It doesn't matter. The only difference is that ROTP kids get a free education and the DEO guys didn't. You can have a DEO officer who went to school at 18, joined the military after graduation at 22 and finished his training and gets posted when he's 23-24. You could have an ROTP type who went to school when he was 30, and finishes training and get's posted at 34-35. I think this is what you're getting at, 'how soon can I get trained and posted'. No one is 'ahead'.


----------



## tynanfromBC (20 Nov 2008)

If you've been accepted to UVIC, i say go. You'll have a hell of a time during the school year. Plus, for the Major + Minor with 120 credits you can just do a Double Major in Political Science (with a concentration in international relations or comparative politics, theory, cdn gov't, etc etc) and a major in history (concentration in military history) in the same 4 years. 

You can always go on later in life and get that masters in defence and strategic studies. 

I have never been to the RMC and know little about what it would be like their; but i know a bit about UVIC, and it's a lot of fun, tons of great people, and through the ROTP (from what i understand of it), you will get to meet people on course in the summers with a similar interest, and then during the school year make friends with similar academic interests or other commonalities. Either way; at the end of it, it's coming down to the education you get. No one can take that education from you.


----------



## Lumber (20 Nov 2008)

tynanfromBC said:
			
		

> Either way; at the end of it, it's coming down to the education you get. No one can take that education from you.
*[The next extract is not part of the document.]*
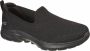 Skechers Go Walk 6 Clear Virtue 124505-BBK Vrouwen Zwart Sneakers Sportschoenen - Thumbnail 7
True, but at RMC you have 1000 other future officers living, eating, learning, and ******* *** ***** **** with you (thank you for that one, Brotherton). These people become your colleagues, classmates and friends. That amount of networking with the very people you will be fighting next to and with in your very near future is probably the greatest thing I will take with me when I graduate.

Cheers


----------



## tumbling_dice (20 Nov 2008)

Thanks tynan, I'm probably looking at Mechanical Engineering though. i currently live in Victoria and I definetely agree that both the city and UVIC are amazing. If I do end up going to UVIC it probably won't be through ROTP simply because I want to take full advantage of their Co-op program (which would not be allowed in ROTP due to the non-military renumeration regulations).


----------



## ChaosTheory (8 Dec 2008)

Hey there, I feel like giving my two cents into this thread though you probably already have your answer to your questions.

Brief history, I was accepted into SFU and Civvy-U ROTP and I am now halfway through my third year and I am definitely glad that I went to civvy-u over RMC.  I was especially thankful for this when I was in CFLRS for IAP and then BOTP.  Both times I was in an all civvy u platoon and our sister platoons were always the "RMC kids".  This last summer, my friend from SFU got stuck in the RMC platoon and she said it was the worst platoon she has ever been in.
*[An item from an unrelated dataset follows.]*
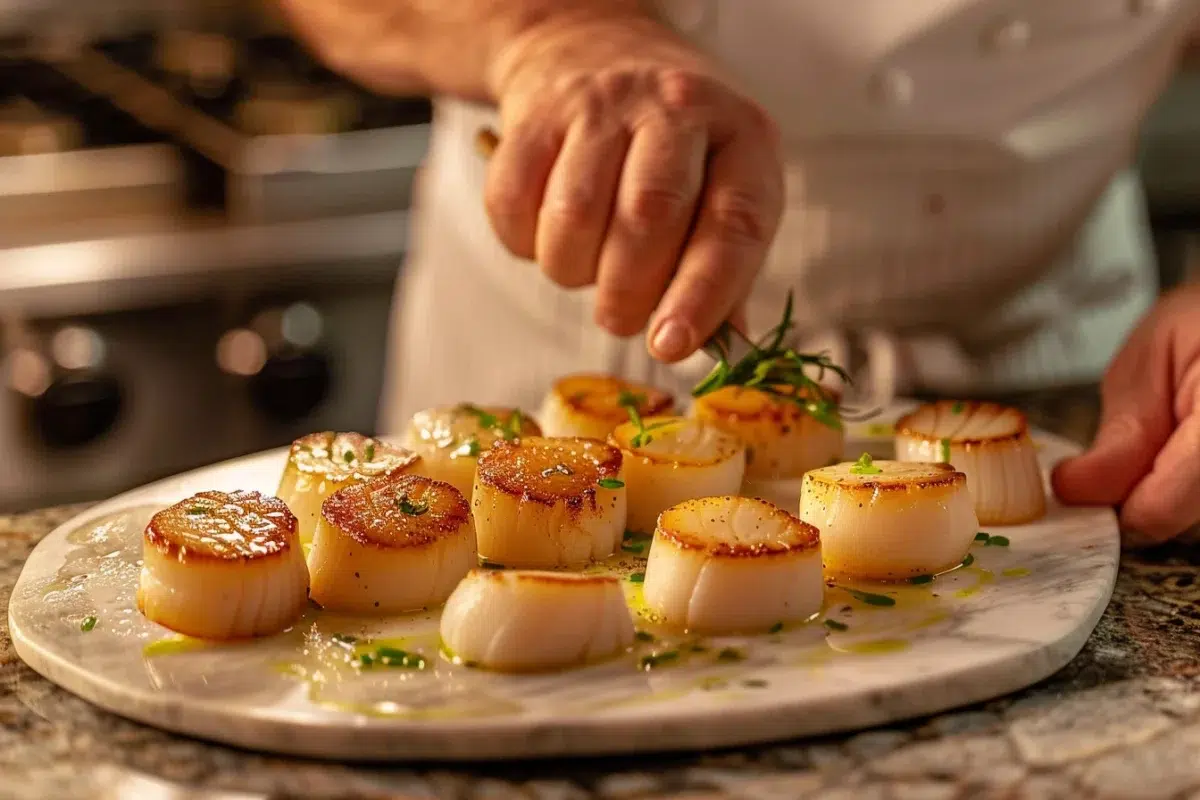 Noix de Saint-Jacques au muscadet : une recette délicate pour une soirée inoubliable en seulement 20 minutes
The RMC kids, as we refer to them, always seemed to have an air of arrogance in their attitude when talking with them.  None of them seemed to want to work together and they always seemed to ask them instructors the questions you shouldn't be asking, (ie: when it is raining, if you could wear rain jackets; and when it is raining, you get your CPC to tell everyone to put on their rain gear, otherwise you will be sleeping in wet clothes).  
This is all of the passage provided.